There is another post called Grinding your ore a second time that sugest a second grind will cause iron oxides to release the gold they still have encapulated. Still waiting to hear on method of second grind technique. I am questioning a ball mill...


----------



## Deano (Oct 7, 2022)

Iron is best removed from ores by simmering the ore in HCl, from 10 to 20% HCl is used in most cases. The HCl can be reused until the iron removal quality reduces significantly.
Unless you have high gold levels in the ore the cost of iron removal is prohibitive.
For complete iron removal you need to have a reducing agent present, unfortunately the best agent is stannous chloride which ups your costs considerably.
Deano


----------



## Ultrax (Oct 9, 2022)

Iron (without roasting) or iron oxide (after roasting) removal is not required in most cases of pyrite processing. The best way is to use direct smelting of pyrite concentrate with Na2CO3 and lead as a collector (in this case you don't need roasting at all - all iron will form iron-sodium slag). The second way is to use a high-temperature thiosulfate-ammonium-copper leaching process. Iron oxides will leave intact in the leaching wastes.


----------



## stampeden (Nov 4, 2022)

Roasting of arsenopyrite concentrates can be tricky and extractable values can and lost. If I remember, you need a two-stage roast. First at about 650 degree C - then after removing the sulfur and arsenic - raise the temp to 900 degree C to finish. If a direct high temp roast is used the values can lock-up and become refractive.


----------



## orvi (Nov 4, 2022)

Ultrax said:


> Iron (without roasting) or iron oxide (after roasting) removal is not required in most cases of pyrite processing. The best way is to use direct smelting of pyrite concentrate with Na2CO3 and lead as a collector (in this case you don't need roasting at all - all iron will form iron-sodium slag). The second way is to use a high-temperature thiosulfate-ammonium-copper leaching process. Iron oxides will leave intact in the leaching wastes.

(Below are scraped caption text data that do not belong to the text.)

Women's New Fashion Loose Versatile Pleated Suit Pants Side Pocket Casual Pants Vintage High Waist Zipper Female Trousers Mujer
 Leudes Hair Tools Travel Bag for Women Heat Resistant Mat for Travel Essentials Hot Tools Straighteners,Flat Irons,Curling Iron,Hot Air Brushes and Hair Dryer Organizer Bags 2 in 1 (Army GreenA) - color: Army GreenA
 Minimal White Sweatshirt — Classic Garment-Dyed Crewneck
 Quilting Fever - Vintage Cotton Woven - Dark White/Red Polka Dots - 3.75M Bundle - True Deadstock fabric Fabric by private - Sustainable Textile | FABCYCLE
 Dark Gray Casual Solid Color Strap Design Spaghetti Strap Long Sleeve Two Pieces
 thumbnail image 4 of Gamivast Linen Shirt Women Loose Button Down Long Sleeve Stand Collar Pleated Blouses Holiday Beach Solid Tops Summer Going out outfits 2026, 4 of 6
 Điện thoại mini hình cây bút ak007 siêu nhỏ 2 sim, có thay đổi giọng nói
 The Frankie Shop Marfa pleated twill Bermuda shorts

Depends on quantity of the cons and richness. As for pyrite, you need to add whole lot of soda to break possible matte layer forming. All doable, but with poor quality cons, cost of the flux will be quite ramping. If leaching is applicable, it is a way to go. Slow roasting at lower temperatures with good scrubber (for SO2 and possible arsenic) will leave iron oxides, which are relatively easy to pulverize even more, and then leaching is relatively effective if setup is right.


----------